Bert's ears must have been plugged with water. He continued: "One of them was bigger than me. It couldn't have been a sand shark. It looked like that fish in that movie, that one — what was it called?"
"Jaws."
"What?"
"Jaws!"
"Yeah, that one. Are you sure Sol went in?"
Park again pulled up his feet. "You know you're making me pretty damn paranoid. Would you please shut your mouth?"
Bert grinned. He was impossible to offend. "You're afraid of sharks? I thought you didn't like snakes."

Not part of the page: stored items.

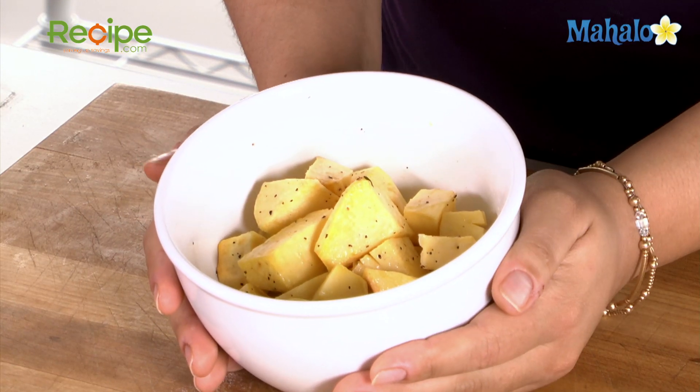How simple, how easy, how delicious — and here is our basic roasted rutabaga.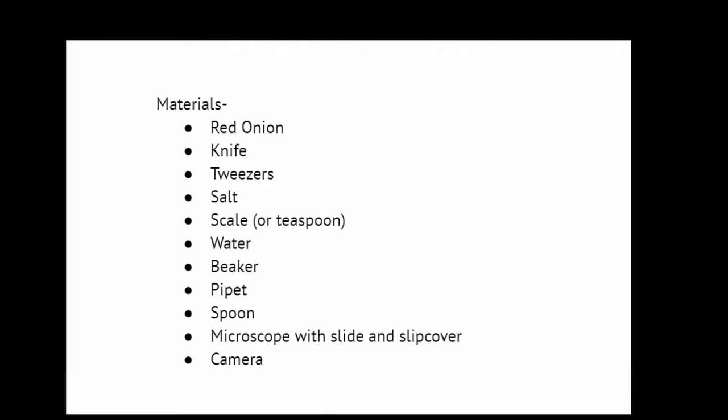In order to see what really happens, you will need the following materials: a red onion, a knife, tweezers, salt, a scale or teaspoon, water, a beaker, a pipette, a spoon, a microscope with slide and slip cover, and a camera.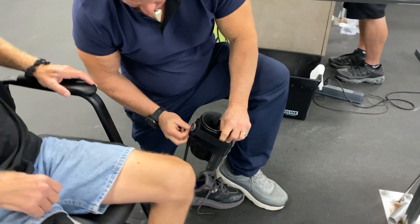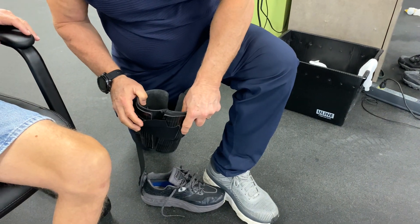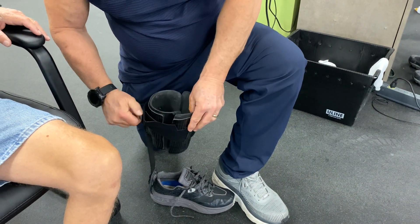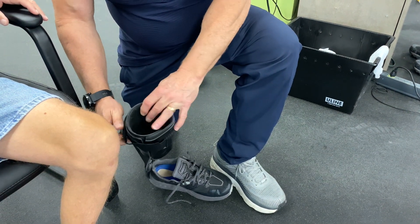See, this is a BOA system. You loosen that and this comes in, and you crank it and it tightens up, draws it in. So you don't have to do the strap.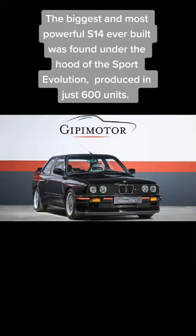The biggest and most powerful S14 ever built was found under the hood of the Sport Evolution, produced in just 600 units.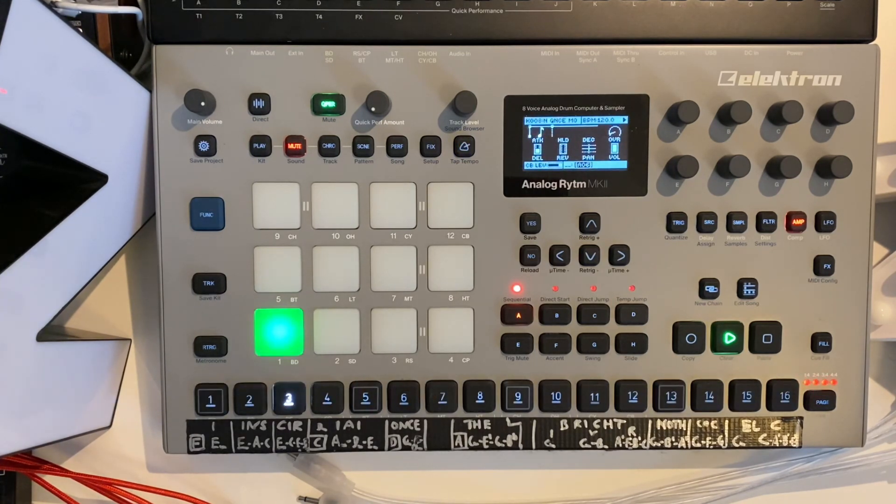That's the overview of the Analog Rhythm. In the next video, which you can click on directly at the end, I'd like to give you an overview of the modular system.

"I hate anything that wants to bite me — Oh!" Distracted, he hadn't noticed the approaching set. The first swell looked the killer. He pivoted his board expertly. Bert was also manoeuvring into position. "You go right, I'll go left!" he yelled.
"Gotcha!"
The wave was a monster. On his knees, Park dug hard to gain the necessary speed. A powerful force began to take hold, raising him up. One last stroke and he sprang to his feet, leaning forward to compensate for what may have been a premature stand. But he was okay, sliding down the face, when Bert suddenly crossed his path, six feet below, a perfect place to be for a decapitation. Park reacted immediately, twisting to the right. The tunnel was closing in that direction. A raging foam hammer belted him off his board. Park felt a violent tug at his left ankle, saw splintered, whirling bubbles, had his spine twisted to the other side of a chiropractor's fantasies. Yet he had hold of a good breath and was able to ride out the bad weather. When the washing machine turned off, he was a hundred yards offshore in a relatively calm region between the first and second break. His board was already on the beach. The tug on his ankle had been his leash snapping.
Bert cruised by. "I thought you meant 'right,' looking out to sea," he apologized.
"That's okay. I think I just got a free neck adjustment. Give me a ride in."
During the walk back. Bert told him how he had awakened during the night and had found himself circled by a bunch of bright-eyed birds. Tonight, he said, he was sleeping indoors.
Sol was flat on his back on a red towel blowing smoke rings towards the sky. Shani and Angie were on the north side of the carport, piling wood into a concave hole they had dug. The Carlton Castle had an antenna dish and recording studio, two spas and three computers, but no barbecue. The girls were improvising. They said they were going to roast wienies for lunch. Park wasn't hungry.
"How's your side-ache?" Park asked, setting down his board.
"It hasn't gone away," Sol said, rolling over digging in the sand and pulling out a quart of tequila. "I think I need my medicine. How about you?"
Park shook his head. "It's too early for me."
Bert beamed. "You got a bottle for me?"
"We'll split it," Sol said. "Hell, this is enough for anybody." Bert looked disappointed.